The Fremont Theater is a historic movie theater in San Luis Obispo, California. It opened in 1942 and is among the last Streamline Moderne theaters built by architect S. Charles Lee. Throughout its existence, the venue has hosted live performances in addition to screening films; since 2017 it has been used only as a concert venue.

==History==
The Fremont Theater began construction in 1940 to a Streamline Moderne design by S. Charles Lee and with auditorium murals by the Heinsbergen Decorating Company. It opened on May 29, 1942 as a 1060-seat movie theater with the West Coast premiere of This Above All attended by Constance Bennett, Jackie Cooper, Stan Laurel and Oliver Hardy, and boxer Max Baer. War Bonds were sold, with Cooper pledging to kiss all women who bought a $100 bond, and almost $750,000 was raised.

The theater has hosted live events in addition to movies throughout its history, including in recent decades concerts by Steel Pulse, Los Lobos, Toots and the Maytals, John Hiatt, Yellowman, Yes in 1996, and Lindsey Buckingham in 2012. Yes recorded and videotaped at the Fremont for Keys to Ascension.

The Fremont was originally part of the Fox circuit. In the 1990s, the then owners Edwards Cinemas planned to raze the building to install a new multiplex, but public outcry saved the theater. The 3-screen Mission Cinemas was instead created next door (which closed in the mid-2010s), capitalizing off the historic structure while also supporting it financially with the additional screens. The Fremont's seating capacity was reduced to approximately 850 by 2012.

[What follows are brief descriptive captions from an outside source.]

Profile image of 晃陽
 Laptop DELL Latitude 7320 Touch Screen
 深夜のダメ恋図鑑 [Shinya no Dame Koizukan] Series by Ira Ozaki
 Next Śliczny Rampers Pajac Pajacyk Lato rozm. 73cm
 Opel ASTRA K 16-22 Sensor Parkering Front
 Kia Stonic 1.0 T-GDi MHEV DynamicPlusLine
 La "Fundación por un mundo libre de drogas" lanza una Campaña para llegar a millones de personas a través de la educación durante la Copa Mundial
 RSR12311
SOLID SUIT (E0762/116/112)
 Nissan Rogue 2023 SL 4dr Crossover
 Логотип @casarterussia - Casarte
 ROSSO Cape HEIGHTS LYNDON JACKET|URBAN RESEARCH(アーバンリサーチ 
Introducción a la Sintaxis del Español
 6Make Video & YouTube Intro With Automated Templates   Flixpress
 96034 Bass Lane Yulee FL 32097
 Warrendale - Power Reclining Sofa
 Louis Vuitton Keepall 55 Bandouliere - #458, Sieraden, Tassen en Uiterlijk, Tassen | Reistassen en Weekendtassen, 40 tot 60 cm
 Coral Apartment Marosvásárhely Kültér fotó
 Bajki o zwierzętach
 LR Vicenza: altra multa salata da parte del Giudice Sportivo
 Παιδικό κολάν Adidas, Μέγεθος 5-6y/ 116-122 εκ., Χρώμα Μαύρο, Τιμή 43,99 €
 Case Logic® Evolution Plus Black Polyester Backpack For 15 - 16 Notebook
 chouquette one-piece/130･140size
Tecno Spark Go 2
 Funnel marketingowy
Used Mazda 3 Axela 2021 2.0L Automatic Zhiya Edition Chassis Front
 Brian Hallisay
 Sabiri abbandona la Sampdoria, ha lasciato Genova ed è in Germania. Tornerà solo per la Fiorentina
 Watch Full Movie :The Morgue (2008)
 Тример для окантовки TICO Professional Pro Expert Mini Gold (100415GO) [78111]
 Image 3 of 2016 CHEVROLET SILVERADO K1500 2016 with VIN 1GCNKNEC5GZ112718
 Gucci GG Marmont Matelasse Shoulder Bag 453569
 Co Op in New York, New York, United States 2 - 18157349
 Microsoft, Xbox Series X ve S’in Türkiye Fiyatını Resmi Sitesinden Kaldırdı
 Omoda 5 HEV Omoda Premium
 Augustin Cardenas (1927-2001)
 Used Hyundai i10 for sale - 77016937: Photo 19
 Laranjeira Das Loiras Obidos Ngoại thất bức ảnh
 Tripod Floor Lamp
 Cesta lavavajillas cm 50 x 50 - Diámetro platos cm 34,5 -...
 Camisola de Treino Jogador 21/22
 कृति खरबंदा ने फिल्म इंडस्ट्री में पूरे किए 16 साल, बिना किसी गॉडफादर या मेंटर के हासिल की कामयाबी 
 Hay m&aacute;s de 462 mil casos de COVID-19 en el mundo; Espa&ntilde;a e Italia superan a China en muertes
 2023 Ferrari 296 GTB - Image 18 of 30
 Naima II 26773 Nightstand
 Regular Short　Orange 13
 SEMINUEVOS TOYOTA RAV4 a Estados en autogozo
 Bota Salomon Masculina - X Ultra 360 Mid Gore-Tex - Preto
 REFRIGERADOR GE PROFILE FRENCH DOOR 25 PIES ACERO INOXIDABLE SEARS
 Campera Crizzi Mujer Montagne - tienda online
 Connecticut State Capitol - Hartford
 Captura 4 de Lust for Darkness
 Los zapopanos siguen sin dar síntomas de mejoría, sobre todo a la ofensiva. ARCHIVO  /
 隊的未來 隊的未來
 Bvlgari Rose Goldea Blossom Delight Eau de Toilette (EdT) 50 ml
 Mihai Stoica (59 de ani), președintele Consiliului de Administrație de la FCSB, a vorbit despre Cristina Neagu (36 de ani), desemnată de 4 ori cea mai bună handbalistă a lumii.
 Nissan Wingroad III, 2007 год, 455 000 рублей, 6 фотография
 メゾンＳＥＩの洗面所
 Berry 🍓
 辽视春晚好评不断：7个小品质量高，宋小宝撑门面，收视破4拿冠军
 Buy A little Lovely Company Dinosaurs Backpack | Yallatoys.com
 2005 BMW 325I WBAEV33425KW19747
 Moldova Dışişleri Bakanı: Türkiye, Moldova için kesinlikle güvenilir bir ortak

The Fremont was one of the locations for the San Luis Obispo International Film Festival. In 2002 The Movie Experience (Sanborn Theaters) became the operator; it closed by 2016. Following a legal judgement against the co-owner and an auction of his shares, developer Rob Rossi became sole owner of the Fremont and the adjacent Mission Cinemas building in May 2017. After a renovation that included installation of a new sound system and further reduction of seating to create space for dancing the Fremont was reopened on September 1 as a concert venue, operated by Fremont Theater Entertainment Group, LLC.

A storm in February 2026 damaged the Fremont's vertical sign. The venue was closed while stabilization and repair work took place; after details of its condition became known, the city suspended its certificate of occupancy, preventing it from reopening for a concert on February 26.